Short web captions:

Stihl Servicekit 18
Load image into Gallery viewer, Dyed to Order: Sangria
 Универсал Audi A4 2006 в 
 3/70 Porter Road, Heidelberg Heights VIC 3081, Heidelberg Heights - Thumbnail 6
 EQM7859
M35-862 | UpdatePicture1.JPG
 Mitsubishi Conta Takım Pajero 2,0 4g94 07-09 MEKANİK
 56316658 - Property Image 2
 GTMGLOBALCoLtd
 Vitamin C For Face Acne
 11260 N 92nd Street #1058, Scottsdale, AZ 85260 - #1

Work to complete: Beginning at the line containing "Mitsubishi Conta Takım", repeat each line exactly through the last line of the entries, and include no other lines.

Exercise response:
 Mitsubishi Conta Takım Pajero 2,0 4g94 07-09 MEKANİK
 56316658 - Property Image 2
 GTMGLOBALCoLtd
 Vitamin C For Face Acne
 11260 N 92nd Street #1058, Scottsdale, AZ 85260 - #1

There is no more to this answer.